As over 70 per cent of greenhouse gas emissions globally come from the energy sector, the decarbonisation of the energy sector is a high priority, and central to the REPowerEU plan published in May 2022. Under REPowerEU, the European Commission proposes to increase renewable energy targets in the Renewable Energy Directive 2019/2001 (RED II) from 32 per cent to 45 per cent.

To address immediate security of supply concerns, Council Regulation (EU) 2022/2577 lays down emergency measures to accelerate the deployment of renewables within the next 18 months. Adopted on 22 December 2022, it requires states to rapidly streamline the permitting process for projects already in the permitting system or due to be submitted. Projects capable of achieving short-term acceleration in deployment of renewables, such as solar, heat pumps, repowering projects, energy storage, and all associated grid connection facilities, should be given the highest priority. Project innovation should be facilitated by giving developers an opportunity to update technical specifications between the permit application and project delivery.

Renewable projects are presumed to be in the overriding public interest serving public health and safety, for the purposes of securing derogations under the Habitats, Birds and Water Framework Directives. With respect to the strict protection of rare and vulnerable species, however, the State may only give higher priority to the renewables projects where it can demonstrate that it is undertaking conservation measures to maintain or restore the affected species at a favourable conservation status, and sufficient financial resources as well as areas are made available by the State for that purpose. While the CJEU has through its rulings indicated that the effectiveness of proposed mitigation measures must be established at the time the permit is granted, under this Regulation and REPowerEU, there is a recognition that an adaptive management approach may be more appropriate.

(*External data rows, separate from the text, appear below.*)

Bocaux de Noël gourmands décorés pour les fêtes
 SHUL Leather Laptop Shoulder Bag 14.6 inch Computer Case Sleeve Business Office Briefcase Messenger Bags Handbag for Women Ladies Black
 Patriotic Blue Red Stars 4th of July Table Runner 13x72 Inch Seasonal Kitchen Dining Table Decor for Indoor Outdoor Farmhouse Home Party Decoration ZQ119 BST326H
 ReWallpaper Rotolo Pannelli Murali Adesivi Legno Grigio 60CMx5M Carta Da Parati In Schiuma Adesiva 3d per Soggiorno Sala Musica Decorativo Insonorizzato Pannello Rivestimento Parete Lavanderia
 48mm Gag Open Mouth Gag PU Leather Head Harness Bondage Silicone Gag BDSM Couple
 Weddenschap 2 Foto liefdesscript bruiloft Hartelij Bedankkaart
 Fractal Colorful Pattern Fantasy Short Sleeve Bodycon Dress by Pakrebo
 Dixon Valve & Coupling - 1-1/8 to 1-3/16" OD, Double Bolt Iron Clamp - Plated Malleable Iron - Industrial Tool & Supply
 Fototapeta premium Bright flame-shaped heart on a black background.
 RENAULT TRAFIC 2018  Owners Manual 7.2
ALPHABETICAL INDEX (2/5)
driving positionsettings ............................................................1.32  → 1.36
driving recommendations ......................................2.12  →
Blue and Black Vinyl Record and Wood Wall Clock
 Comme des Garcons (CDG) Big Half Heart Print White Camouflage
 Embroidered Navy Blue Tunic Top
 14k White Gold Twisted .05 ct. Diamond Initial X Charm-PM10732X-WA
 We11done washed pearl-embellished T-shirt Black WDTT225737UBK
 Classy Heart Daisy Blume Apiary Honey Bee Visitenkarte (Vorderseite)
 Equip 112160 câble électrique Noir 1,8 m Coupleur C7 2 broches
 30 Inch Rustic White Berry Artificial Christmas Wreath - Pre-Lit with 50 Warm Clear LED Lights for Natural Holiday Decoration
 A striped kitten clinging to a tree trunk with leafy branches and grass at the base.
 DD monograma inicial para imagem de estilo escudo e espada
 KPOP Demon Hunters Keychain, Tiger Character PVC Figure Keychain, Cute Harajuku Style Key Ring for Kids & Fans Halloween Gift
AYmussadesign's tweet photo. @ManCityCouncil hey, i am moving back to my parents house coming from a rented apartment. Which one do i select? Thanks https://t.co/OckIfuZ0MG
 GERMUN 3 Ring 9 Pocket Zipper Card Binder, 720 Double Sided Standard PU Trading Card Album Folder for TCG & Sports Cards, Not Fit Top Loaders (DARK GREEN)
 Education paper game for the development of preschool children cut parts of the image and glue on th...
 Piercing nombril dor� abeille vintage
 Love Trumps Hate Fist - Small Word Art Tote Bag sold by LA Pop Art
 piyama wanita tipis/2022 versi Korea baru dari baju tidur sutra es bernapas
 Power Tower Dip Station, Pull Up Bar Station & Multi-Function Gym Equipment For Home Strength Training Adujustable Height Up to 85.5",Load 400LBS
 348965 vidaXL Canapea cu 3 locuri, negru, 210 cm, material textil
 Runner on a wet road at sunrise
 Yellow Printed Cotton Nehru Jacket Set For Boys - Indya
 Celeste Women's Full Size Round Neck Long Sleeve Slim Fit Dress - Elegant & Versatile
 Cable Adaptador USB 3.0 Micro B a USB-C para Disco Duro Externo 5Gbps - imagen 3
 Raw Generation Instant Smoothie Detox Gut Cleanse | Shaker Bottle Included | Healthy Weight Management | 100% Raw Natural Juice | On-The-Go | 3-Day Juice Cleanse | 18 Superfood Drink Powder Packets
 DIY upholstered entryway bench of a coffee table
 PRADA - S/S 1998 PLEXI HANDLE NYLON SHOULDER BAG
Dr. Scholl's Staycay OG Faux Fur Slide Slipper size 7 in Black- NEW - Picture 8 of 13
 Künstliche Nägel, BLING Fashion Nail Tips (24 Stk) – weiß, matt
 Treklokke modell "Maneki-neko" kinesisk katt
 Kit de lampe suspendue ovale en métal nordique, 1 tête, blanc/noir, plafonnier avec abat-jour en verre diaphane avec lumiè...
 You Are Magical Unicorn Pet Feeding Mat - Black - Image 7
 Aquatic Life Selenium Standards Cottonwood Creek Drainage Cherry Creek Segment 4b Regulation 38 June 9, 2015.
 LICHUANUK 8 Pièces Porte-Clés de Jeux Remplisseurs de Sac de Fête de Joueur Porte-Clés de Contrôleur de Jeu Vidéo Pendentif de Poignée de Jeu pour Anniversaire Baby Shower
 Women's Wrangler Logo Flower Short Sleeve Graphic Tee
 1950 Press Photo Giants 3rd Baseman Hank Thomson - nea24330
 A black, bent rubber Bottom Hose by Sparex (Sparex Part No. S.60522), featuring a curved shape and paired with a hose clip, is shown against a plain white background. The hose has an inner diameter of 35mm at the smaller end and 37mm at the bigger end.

This would require active ongoing monitoring and the ability to respond and modify the project should unforeseen or adverse impacts be identified in the course of the project delivery or operation.

“Ireland has agreed to increase offshore targets, as reflected in the latest Climate Action Plan 2023, to 7GW of offshore wind by 2030 (with 2GW ear-marked for green hydrogen) and 37GW by 2050.”

States may identify “go to” areas which are designated for renewables, and subject to prior SEA and the prior identification and application of mitigation measures to minimise or avoid any adverse effects on species. Where a proposed project conforms to the designation, it could be permitted without EIA, but potentially subject to an obligation to contribute financially to the protection of species. The Regulation is subject to review by 31 December 2023, at which point the Commission may determine that it should be further extended.

Under the TEN-E Regulation (EU) 2022/869, member states agreed to co-operate in developing offshore renewable and grid projects within their respective priority corridors. The EU Institutions are working on a Proposal for a Directive to further amend RED II, to give priority to renewables projects and specific guidance and proposals to streamline and expedite permitting.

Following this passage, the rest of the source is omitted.